## What is required
Please copy each line in the records below that contains the string "Comfortable".

Stored entries:
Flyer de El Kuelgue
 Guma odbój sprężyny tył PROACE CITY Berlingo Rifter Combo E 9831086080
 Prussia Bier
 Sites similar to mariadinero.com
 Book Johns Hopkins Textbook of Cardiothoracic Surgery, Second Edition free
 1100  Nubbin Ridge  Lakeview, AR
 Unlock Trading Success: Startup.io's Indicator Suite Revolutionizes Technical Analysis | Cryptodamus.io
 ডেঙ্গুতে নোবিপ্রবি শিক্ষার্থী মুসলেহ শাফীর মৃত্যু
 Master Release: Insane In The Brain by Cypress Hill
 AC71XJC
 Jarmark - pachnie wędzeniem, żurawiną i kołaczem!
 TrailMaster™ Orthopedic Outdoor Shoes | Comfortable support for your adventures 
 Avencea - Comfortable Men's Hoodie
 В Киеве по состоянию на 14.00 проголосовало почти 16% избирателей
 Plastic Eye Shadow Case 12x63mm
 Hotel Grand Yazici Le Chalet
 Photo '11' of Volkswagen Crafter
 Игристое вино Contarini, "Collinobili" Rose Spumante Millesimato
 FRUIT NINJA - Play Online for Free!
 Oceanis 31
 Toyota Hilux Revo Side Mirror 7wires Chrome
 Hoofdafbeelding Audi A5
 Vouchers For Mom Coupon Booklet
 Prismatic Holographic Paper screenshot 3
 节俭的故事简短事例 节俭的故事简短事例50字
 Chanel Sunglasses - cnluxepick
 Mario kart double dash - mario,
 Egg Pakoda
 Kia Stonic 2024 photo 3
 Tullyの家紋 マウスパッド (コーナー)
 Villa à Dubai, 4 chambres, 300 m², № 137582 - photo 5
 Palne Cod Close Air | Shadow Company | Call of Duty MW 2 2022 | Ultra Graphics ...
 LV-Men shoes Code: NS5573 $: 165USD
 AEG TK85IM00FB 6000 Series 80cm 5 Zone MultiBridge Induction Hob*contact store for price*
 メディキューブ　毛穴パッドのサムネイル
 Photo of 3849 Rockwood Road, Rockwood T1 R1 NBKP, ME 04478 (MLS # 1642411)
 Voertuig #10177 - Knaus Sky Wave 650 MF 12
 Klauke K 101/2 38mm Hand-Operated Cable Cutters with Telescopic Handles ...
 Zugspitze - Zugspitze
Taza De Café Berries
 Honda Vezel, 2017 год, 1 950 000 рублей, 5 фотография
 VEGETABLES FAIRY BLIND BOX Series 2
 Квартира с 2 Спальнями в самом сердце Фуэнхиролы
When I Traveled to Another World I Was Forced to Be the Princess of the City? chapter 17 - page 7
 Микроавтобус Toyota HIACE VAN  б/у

## Solution below
 TrailMaster™ Orthopedic Outdoor Shoes | Comfortable support for your adventures 
 Avencea - Comfortable Men's Hoodie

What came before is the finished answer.